YOUR INSTRUCTIONS ->
With pictures left out, output exactly the lines of the listing below from the line that has "STARLING PLACE - Residential Lease" to the line that has "Topolino, Velikost 2-3y/", both lines kept.

RECORDS SHOWN ->
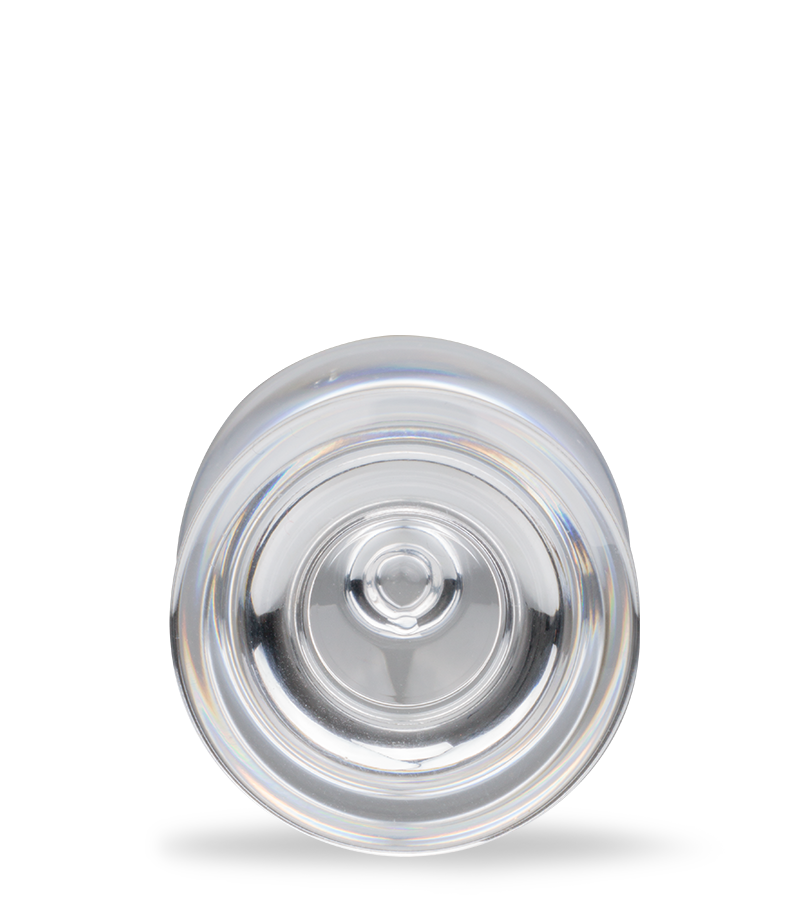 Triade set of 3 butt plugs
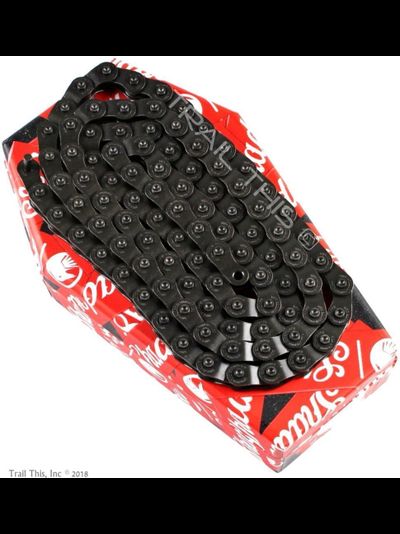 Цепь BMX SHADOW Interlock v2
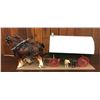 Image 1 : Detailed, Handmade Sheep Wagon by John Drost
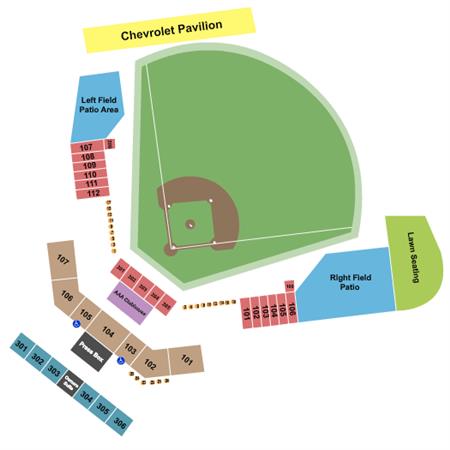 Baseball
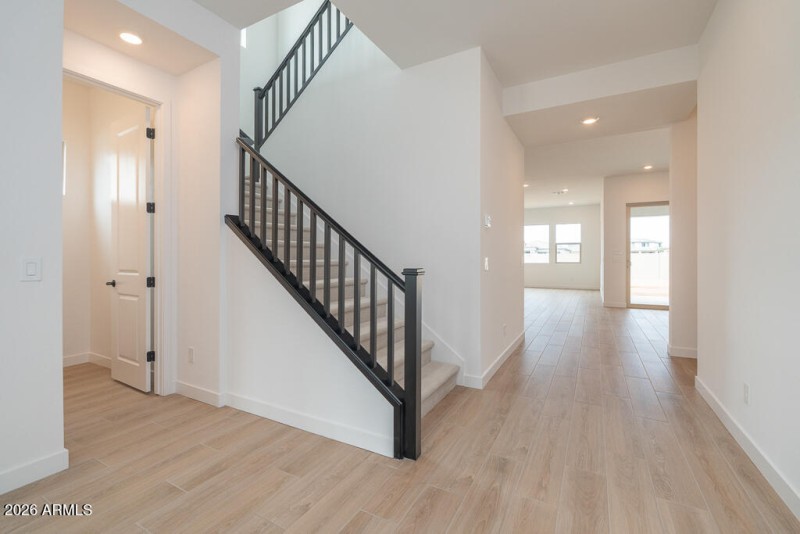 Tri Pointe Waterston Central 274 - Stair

==

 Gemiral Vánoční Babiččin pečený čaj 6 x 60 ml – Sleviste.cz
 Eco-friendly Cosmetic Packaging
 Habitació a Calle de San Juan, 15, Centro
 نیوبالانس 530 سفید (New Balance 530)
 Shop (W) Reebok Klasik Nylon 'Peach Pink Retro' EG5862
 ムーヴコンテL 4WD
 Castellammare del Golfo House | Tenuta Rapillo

...

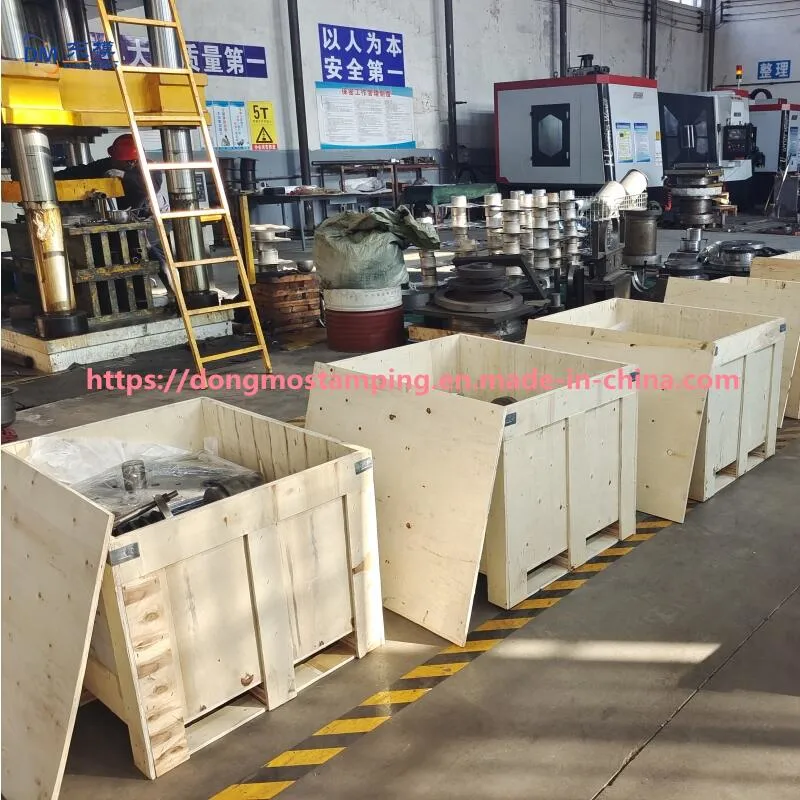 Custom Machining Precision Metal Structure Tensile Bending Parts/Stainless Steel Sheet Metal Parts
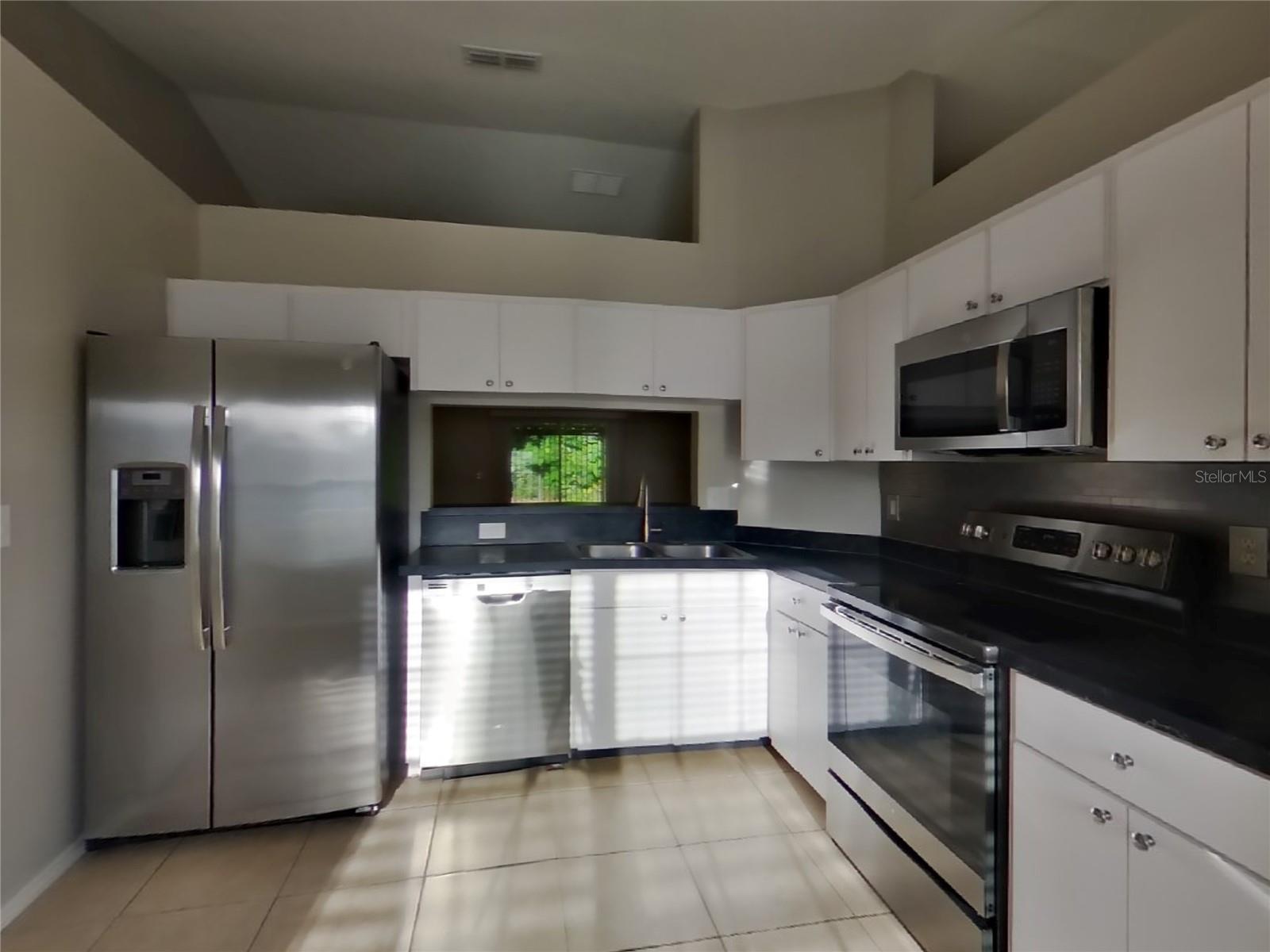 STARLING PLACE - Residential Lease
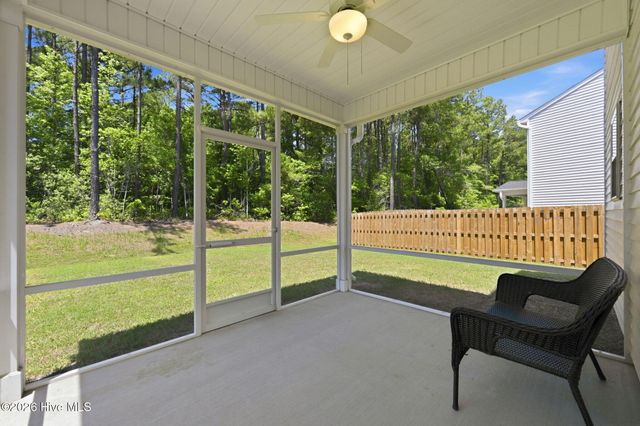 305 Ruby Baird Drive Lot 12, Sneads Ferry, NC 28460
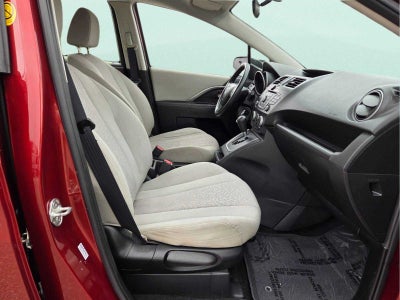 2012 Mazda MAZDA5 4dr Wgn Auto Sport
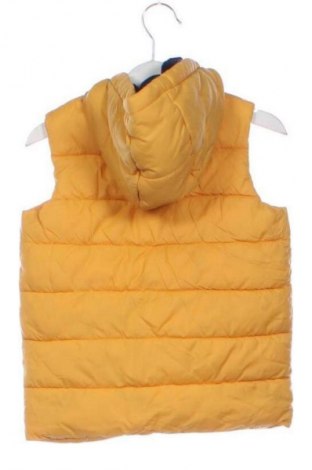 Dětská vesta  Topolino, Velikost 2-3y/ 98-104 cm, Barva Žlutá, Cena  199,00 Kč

TASK RESULT ->
 STARLING PLACE - Residential Lease
 305 Ruby Baird Drive Lot 12, Sneads Ferry, NC 28460
 2012 Mazda MAZDA5 4dr Wgn Auto Sport
 Dětská vesta  Topolino, Velikost 2-3y/ 98-104 cm, Barva Žlutá, Cena  199,00 Kč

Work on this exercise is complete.